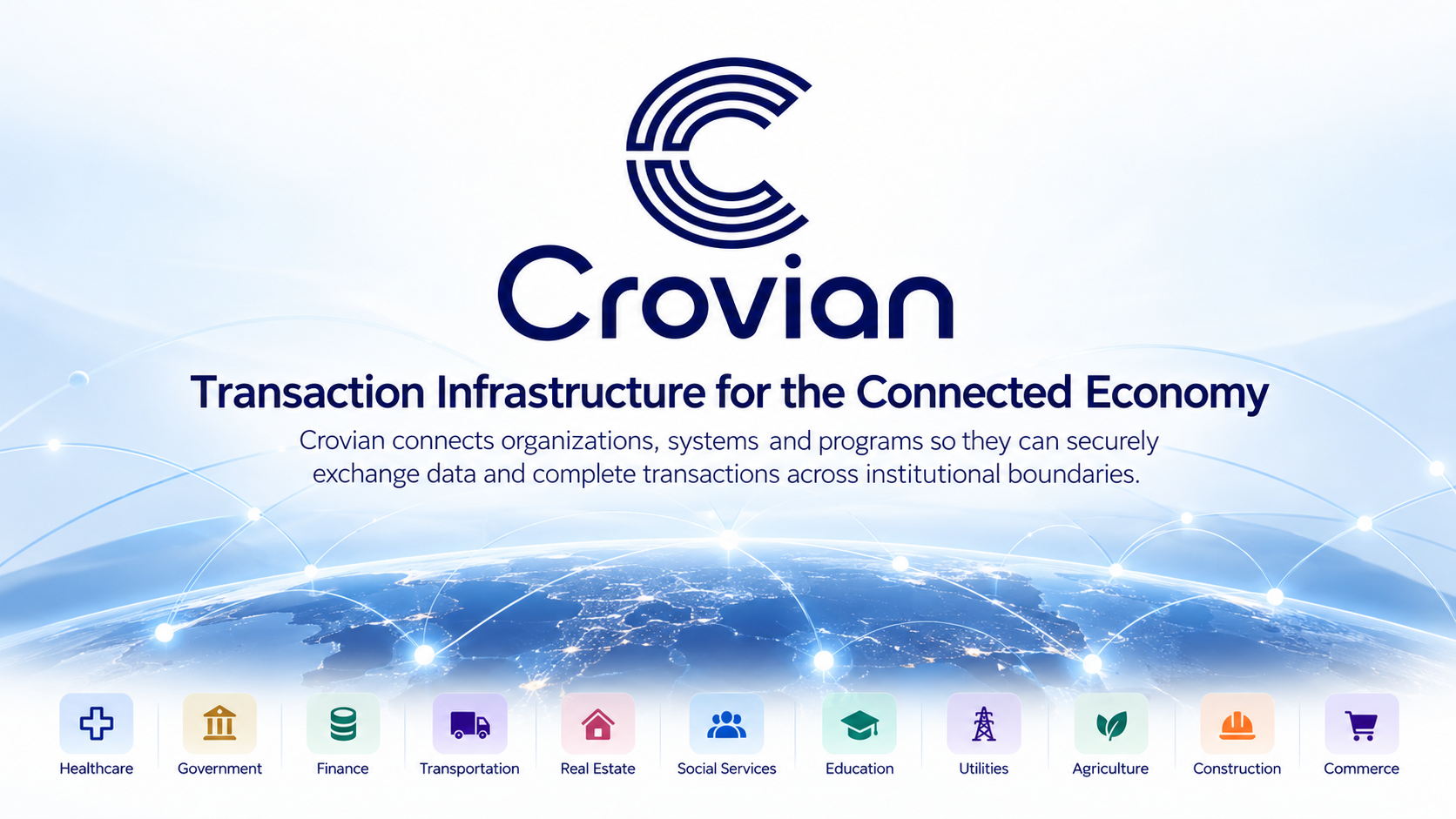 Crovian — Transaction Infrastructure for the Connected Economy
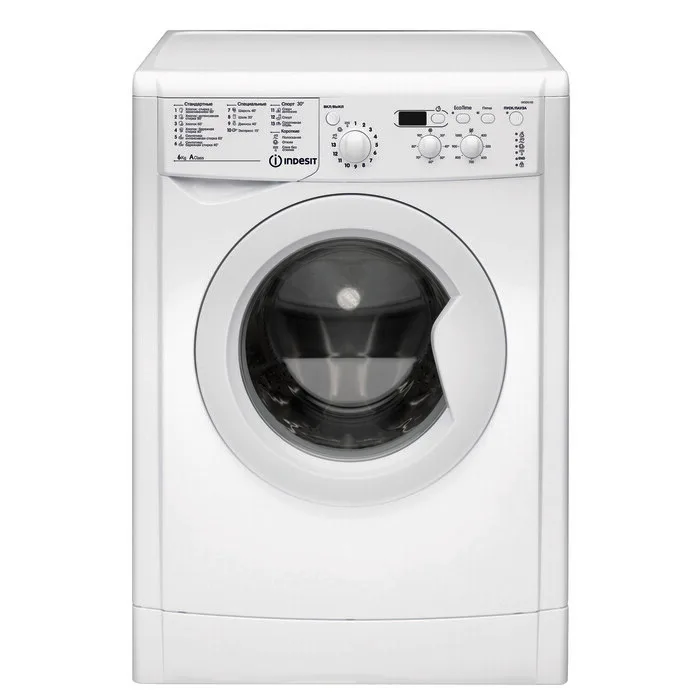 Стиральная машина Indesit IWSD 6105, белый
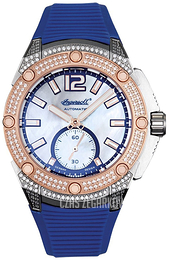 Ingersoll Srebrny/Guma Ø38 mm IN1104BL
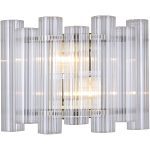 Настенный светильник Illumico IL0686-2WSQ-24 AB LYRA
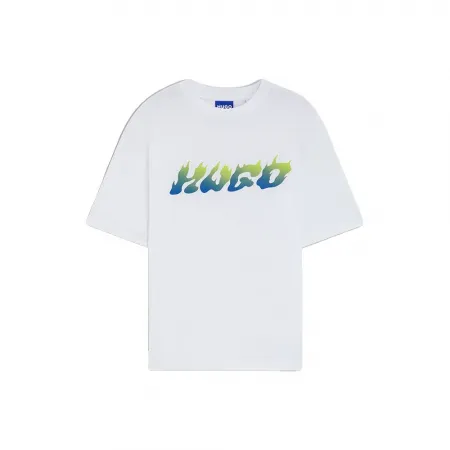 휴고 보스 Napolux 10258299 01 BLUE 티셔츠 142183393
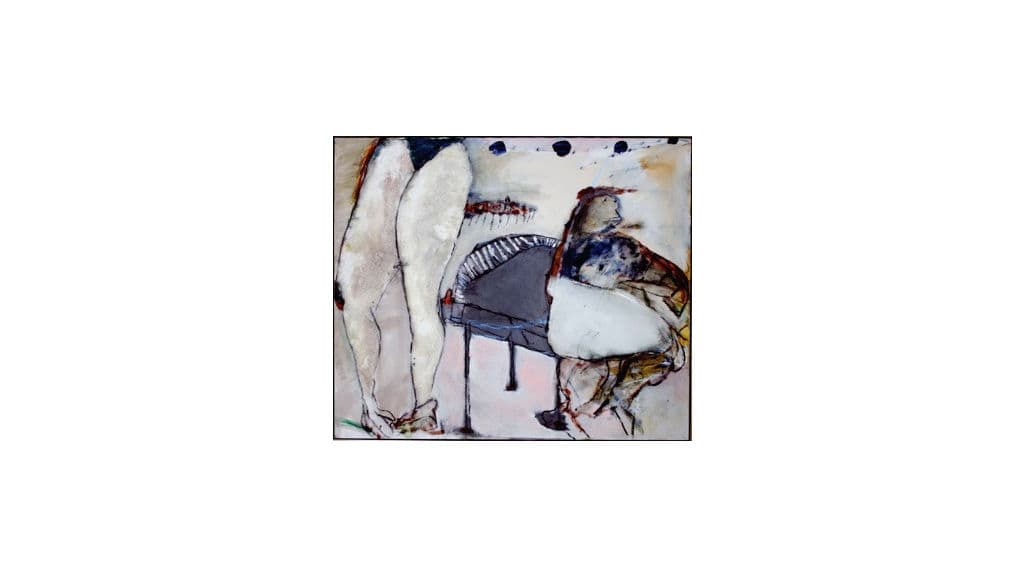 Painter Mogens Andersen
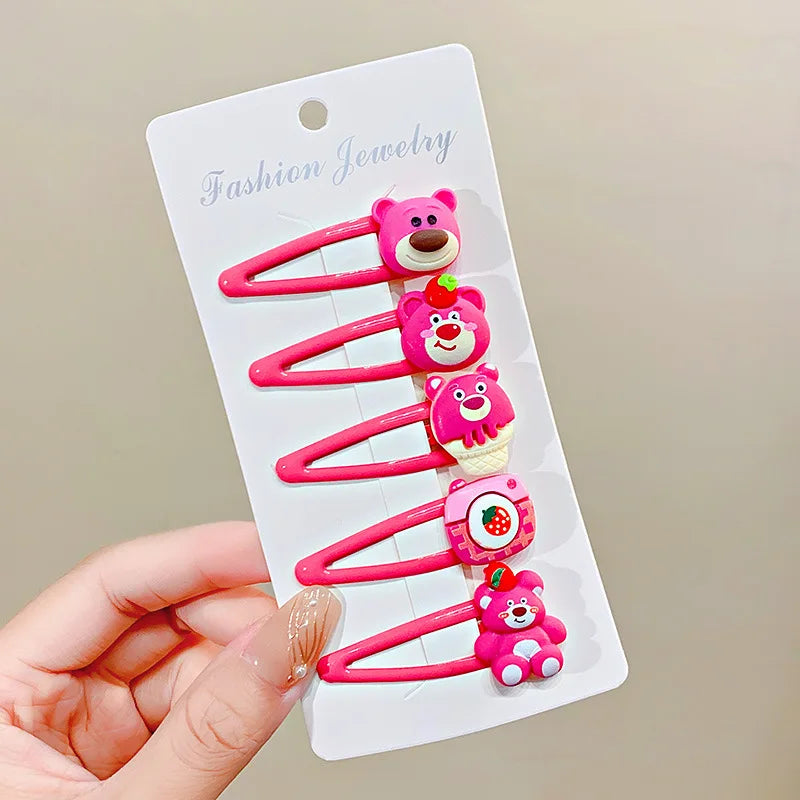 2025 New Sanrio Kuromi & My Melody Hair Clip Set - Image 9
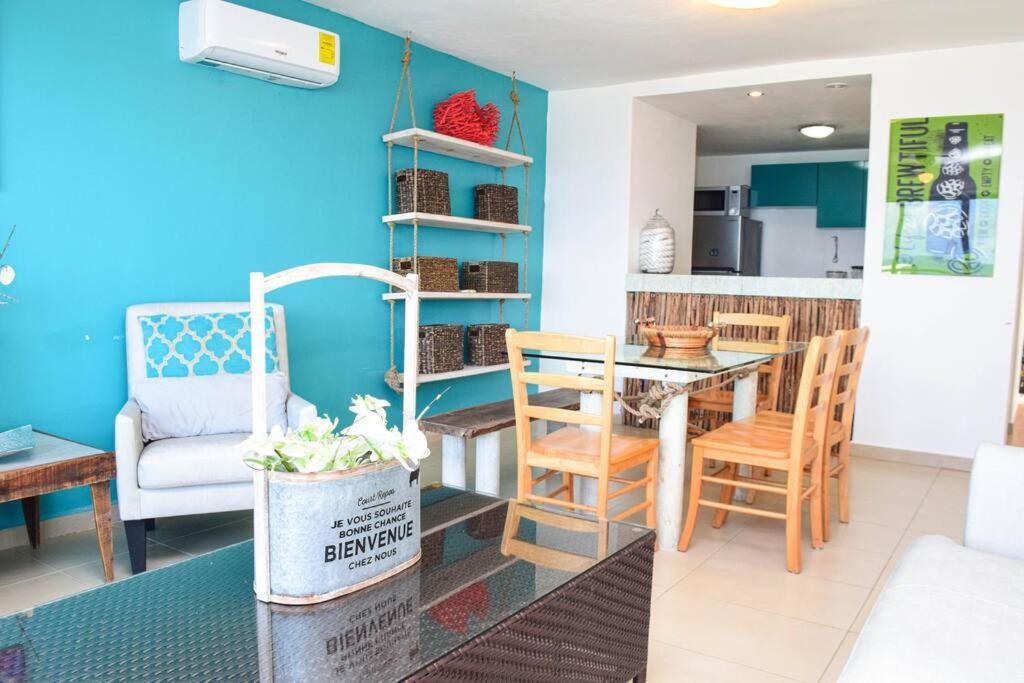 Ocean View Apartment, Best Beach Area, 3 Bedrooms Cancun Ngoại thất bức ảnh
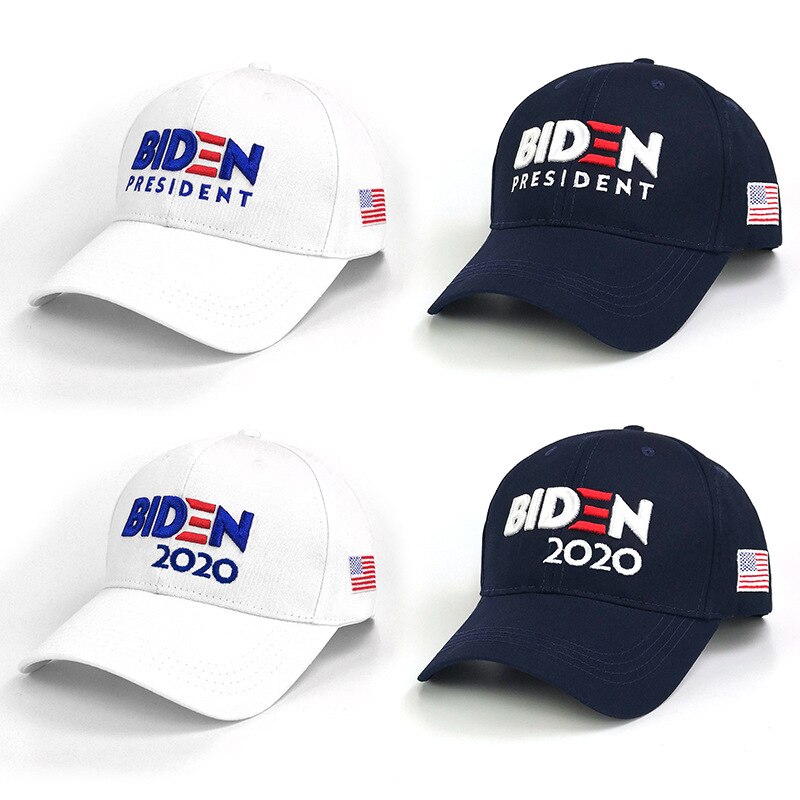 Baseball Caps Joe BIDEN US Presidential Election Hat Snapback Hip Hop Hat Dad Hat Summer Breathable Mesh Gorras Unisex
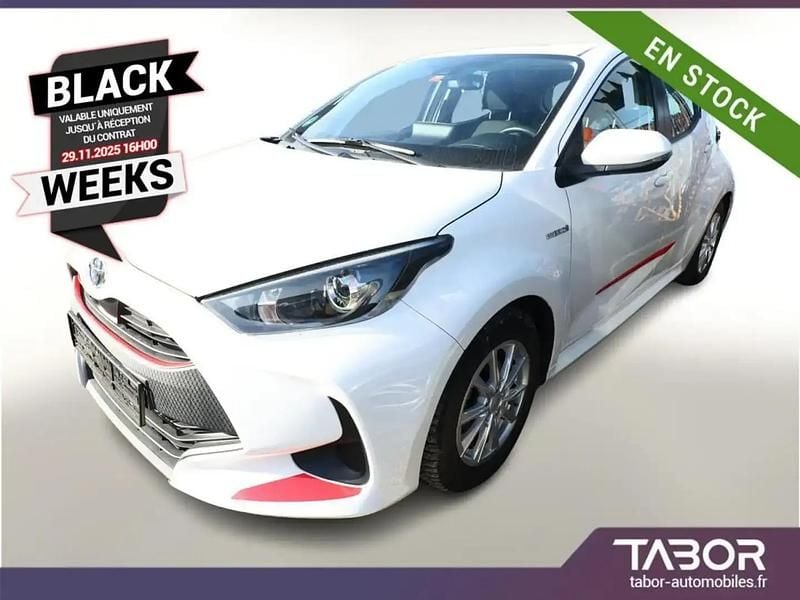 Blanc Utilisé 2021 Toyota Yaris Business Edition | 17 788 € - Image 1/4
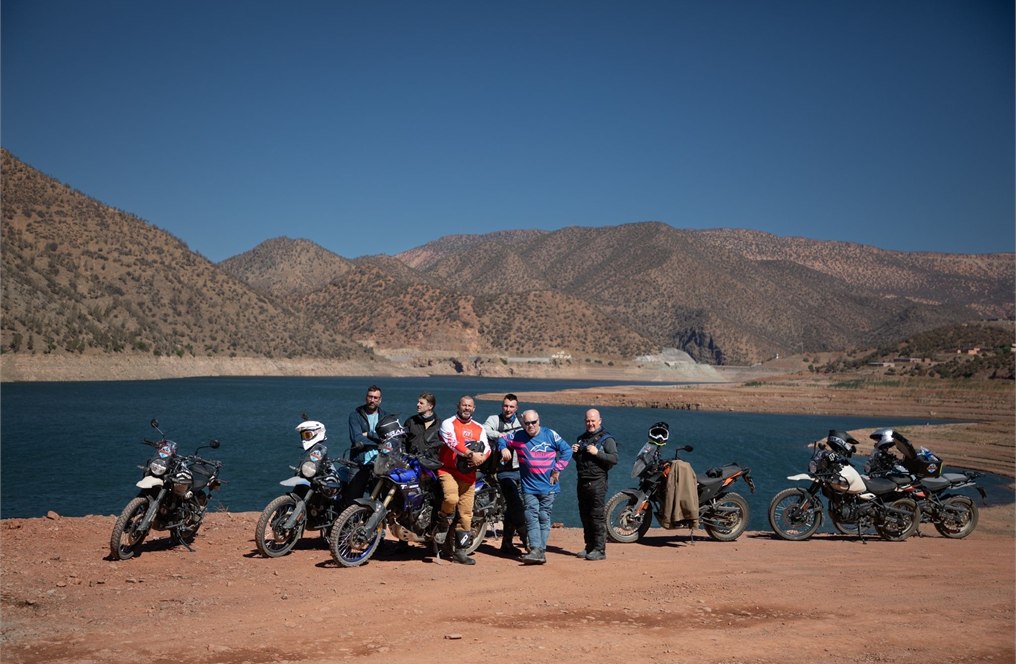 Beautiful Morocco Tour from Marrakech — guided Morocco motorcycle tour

++++++++++

▶ _TASK DESCRIPTION_: Quote word for word only the lines above from the one containing "Стиральная машина Indesit IWSD 6105, белый" through the one containing "2025 New Sanrio". Pictures stay out of your copy.

▶ _REPLY_:
 Стиральная машина Indesit IWSD 6105, белый
 Ingersoll Srebrny/Guma Ø38 mm IN1104BL
 Настенный светильник Illumico IL0686-2WSQ-24 AB LYRA
 휴고 보스 Napolux 10258299 01 BLUE 티셔츠 142183393
 Painter Mogens Andersen
 2025 New Sanrio Kuromi & My Melody Hair Clip Set - Image 9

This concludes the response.